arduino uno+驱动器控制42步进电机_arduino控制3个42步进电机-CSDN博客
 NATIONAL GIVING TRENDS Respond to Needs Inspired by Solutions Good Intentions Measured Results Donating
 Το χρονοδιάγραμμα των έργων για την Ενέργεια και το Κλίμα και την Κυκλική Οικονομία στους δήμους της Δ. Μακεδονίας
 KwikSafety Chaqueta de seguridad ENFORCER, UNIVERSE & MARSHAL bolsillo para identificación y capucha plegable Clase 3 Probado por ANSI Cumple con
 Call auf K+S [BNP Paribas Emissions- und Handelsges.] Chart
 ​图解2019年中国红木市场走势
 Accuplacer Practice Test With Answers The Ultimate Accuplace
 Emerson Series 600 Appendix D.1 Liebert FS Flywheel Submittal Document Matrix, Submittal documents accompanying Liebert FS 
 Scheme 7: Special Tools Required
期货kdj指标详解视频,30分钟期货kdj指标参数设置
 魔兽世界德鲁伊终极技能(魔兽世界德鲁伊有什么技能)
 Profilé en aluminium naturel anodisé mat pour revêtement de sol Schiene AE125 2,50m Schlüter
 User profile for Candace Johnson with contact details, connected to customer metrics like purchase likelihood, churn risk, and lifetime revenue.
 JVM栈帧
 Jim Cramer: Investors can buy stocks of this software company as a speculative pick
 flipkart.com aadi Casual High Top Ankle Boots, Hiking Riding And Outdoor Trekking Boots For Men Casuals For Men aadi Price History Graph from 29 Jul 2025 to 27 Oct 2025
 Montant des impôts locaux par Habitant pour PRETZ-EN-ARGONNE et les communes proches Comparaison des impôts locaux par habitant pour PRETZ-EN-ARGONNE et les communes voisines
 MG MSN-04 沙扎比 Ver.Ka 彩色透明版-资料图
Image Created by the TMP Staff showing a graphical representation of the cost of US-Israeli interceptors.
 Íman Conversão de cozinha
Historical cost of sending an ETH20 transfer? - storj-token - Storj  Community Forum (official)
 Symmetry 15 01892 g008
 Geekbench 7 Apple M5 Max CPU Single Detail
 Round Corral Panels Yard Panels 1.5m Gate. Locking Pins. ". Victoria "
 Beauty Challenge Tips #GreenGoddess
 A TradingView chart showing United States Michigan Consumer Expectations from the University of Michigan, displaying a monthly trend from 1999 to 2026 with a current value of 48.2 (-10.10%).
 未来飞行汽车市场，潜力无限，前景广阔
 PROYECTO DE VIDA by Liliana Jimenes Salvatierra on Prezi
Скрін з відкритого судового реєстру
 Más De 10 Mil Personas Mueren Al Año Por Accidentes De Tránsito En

·····

▶ **TASK TO COMPLETE**
Lines from the one containing "Emerson Series 600" through the final line of the material should be set down exactly, and no other lines.

▶ **RESPONSE**
 Emerson Series 600 Appendix D.1 Liebert FS Flywheel Submittal Document Matrix, Submittal documents accompanying Liebert FS 
 Scheme 7: Special Tools Required
期货kdj指标详解视频,30分钟期货kdj指标参数设置
 魔兽世界德鲁伊终极技能(魔兽世界德鲁伊有什么技能)
 Profilé en aluminium naturel anodisé mat pour revêtement de sol Schiene AE125 2,50m Schlüter
 User profile for Candace Johnson with contact details, connected to customer metrics like purchase likelihood, churn risk, and lifetime revenue.
 JVM栈帧
 Jim Cramer: Investors can buy stocks of this software company as a speculative pick
 flipkart.com aadi Casual High Top Ankle Boots, Hiking Riding And Outdoor Trekking Boots For Men Casuals For Men aadi Price History Graph from 29 Jul 2025 to 27 Oct 2025
 Montant des impôts locaux par Habitant pour PRETZ-EN-ARGONNE et les communes proches Comparaison des impôts locaux par habitant pour PRETZ-EN-ARGONNE et les communes voisines
 MG MSN-04 沙扎比 Ver.Ka 彩色透明版-资料图
Image Created by the TMP Staff showing a graphical representation of the cost of US-Israeli interceptors.
 Íman Conversão de cozinha
Historical cost of sending an ETH20 transfer? - storj-token - Storj  Community Forum (official)
 Symmetry 15 01892 g008
 Geekbench 7 Apple M5 Max CPU Single Detail
 Round Corral Panels Yard Panels 1.5m Gate. Locking Pins. ". Victoria "
 Beauty Challenge Tips #GreenGoddess
 A TradingView chart showing United States Michigan Consumer Expectations from the University of Michigan, displaying a monthly trend from 1999 to 2026 with a current value of 48.2 (-10.10%).
 未来飞行汽车市场，潜力无限，前景广阔
 PROYECTO DE VIDA by Liliana Jimenes Salvatierra on Prezi
Скрін з відкритого судового реєстру
 Más De 10 Mil Personas Mueren Al Año Por Accidentes De Tránsito En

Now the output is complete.